:: TASK TO COMPLETE ::
Extract from the listing each line in which the word "tablet" appears.

:: SOURCE INFORMATION ::

--------------------

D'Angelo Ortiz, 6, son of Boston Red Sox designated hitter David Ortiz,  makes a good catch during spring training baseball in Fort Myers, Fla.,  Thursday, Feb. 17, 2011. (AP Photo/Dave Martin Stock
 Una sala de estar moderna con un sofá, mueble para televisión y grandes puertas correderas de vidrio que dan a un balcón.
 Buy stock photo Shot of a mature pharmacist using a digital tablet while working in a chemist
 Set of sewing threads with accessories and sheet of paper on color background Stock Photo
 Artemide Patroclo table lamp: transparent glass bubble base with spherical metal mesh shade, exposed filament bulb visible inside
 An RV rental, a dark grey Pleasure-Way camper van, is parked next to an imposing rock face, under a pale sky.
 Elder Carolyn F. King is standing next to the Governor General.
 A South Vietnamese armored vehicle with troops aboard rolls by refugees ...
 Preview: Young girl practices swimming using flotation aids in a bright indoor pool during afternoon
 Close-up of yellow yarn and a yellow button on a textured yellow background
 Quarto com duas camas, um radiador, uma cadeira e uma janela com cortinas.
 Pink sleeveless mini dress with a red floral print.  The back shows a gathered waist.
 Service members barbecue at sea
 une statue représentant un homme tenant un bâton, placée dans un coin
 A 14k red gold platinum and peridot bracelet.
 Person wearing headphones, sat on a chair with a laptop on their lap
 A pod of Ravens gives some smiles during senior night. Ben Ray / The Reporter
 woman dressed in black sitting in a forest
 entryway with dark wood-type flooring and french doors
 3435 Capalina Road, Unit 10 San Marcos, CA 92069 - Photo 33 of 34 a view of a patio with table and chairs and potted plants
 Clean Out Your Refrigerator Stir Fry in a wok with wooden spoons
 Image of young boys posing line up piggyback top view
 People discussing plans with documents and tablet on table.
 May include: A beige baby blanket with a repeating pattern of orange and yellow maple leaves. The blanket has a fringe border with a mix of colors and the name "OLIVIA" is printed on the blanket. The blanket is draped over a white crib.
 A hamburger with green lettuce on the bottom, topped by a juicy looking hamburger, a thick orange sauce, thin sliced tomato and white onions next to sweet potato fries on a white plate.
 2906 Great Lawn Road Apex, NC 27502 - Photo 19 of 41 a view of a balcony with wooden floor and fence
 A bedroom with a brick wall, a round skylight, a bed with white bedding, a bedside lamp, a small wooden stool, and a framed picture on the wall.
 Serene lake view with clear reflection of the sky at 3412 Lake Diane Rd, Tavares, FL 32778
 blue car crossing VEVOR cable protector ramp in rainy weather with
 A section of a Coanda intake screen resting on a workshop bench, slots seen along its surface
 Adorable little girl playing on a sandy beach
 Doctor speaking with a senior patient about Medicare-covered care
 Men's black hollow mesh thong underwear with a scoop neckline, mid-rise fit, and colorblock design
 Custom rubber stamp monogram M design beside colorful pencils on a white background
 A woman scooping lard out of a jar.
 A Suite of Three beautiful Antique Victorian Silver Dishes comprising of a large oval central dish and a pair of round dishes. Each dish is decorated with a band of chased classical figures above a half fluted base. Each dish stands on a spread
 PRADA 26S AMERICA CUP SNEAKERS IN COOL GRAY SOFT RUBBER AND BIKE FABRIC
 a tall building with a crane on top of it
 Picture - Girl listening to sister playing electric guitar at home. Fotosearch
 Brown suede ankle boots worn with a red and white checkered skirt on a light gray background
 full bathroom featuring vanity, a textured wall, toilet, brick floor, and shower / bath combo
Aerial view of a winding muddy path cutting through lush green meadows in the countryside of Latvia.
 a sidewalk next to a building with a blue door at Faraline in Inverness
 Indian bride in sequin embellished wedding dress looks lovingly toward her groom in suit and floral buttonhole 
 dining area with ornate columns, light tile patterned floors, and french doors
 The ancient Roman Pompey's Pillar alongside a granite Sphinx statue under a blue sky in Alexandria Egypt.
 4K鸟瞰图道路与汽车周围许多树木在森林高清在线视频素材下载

--------------------

:: REPLY TO THE EXERCISE ::
 Buy stock photo Shot of a mature pharmacist using a digital tablet while working in a chemist
 People discussing plans with documents and tablet on table.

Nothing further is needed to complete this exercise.